Un’antica anfora di origine greco-romana (la datazione al momento è ancora incerta) finita per sbaglio nelle reti di un peschereccio e poi, dopo alcuni passaggi di mano, nello scantinato di un ristoratore riminese. Che adesso si ritrova seriamente nei guai dopo essere stato denunciato dalle forze dell’ordine per ricettazione di beni culturali. Reato punito severamente con potenziali condanne fino a 10 anni di reclusione e una multa che può arrivare a 15mila euro, nel caso in cui dovesse essere dimostrato il suo coinvolgimento nella vicenda. L’indagine, coordinata dalla Procura della Repubblica di Rimini, ha visto coinvolte la Sezione di polizia marittima della Capitaneria di porto e la stazione navale della Guardia di finanza, a seguito di alcune voci che parlavano del ritrovamento in mare di un reperto archeologico da parte di un peschereccio. Secondo le informazioni raccolte, l’anfora sarebbe rimasta impigliata nelle reti da pesca, ma invece di denunciare il ritrovamento alle autorità, i pescatori avrebbero consegnato il reperto al ristoratore. E così, anziché fare bella mostra di sé in un museo di storia antica, il vaso era finita nell’abitazione di un privato, che la custodiva gelosamente per sé.

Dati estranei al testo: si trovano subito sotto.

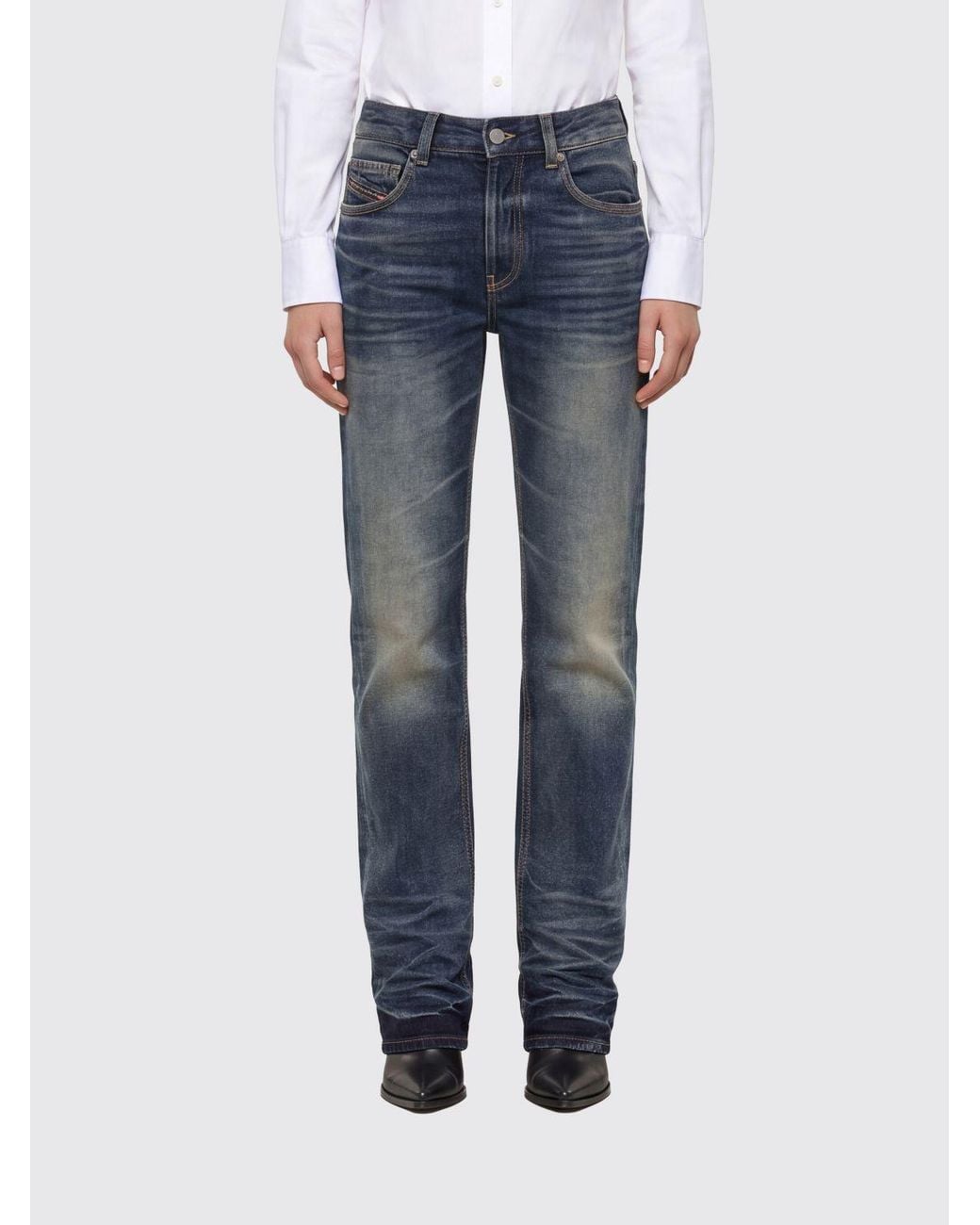 DIESEL Blue High-Waisted Straight Fit Jeans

Quei rumors circolavano tra le banchine del porto di Rimini già dalla fine del mese di agosto. Inevitabilmente sono giunti fino alle orecchie della Guardia costiera e dei finanzieri. Che, naturalmente, hanno voluto vederci chiaro. Le forze dell’ordine hanno quindi avviato una serie di accertamenti e pedinamenti, culminati il 10 settembre in una serie di perquisizioni in strutture collegate all’imprenditore. Nel garage della sua abitazione così è stata trovata l’anfora, un manufatto di circa 115 centimetri di altezza e 40 di diametro, la cui rilevanza storica è ora al vaglio della Soprintendenza archeologia, belle arti e paesaggio. Agli esperti il compito di fornire una classificazione precisa e una datazione del reperto, che potrebbe rivelarsi di grande importanza per il patrimonio archeologico nazionale.
Il ristoratore avrà ora la possibilità di chiarire con gli inquirenti il suo ruolo e di fornire eventuali spiegazioni a sua discolpa. Nel frattempo, proseguono le indagini per identificare chi ha trovato l’anfora in mare e per determinare se ci siano altre persone coinvolte nella vicenda. Non è chiaro, ad esempio, se la cessione del prezioso reperto sia avvenuta dietro il pagamento di un compenso o semplicemente a titolo gratuito. La Guardia costiera e la Guardia di finanza hanno ricordato, a seguito dell’episodio, l’obbligo di legge di denunciare entro 24 ore il ritrovamento di qualsiasi oggetto dal possibile valore archeologico o storico. In caso di mancata denuncia, le conseguenze penali possono essere molto gravi, come dimostra la situazione in cui si trova ora l’imprenditore riminese.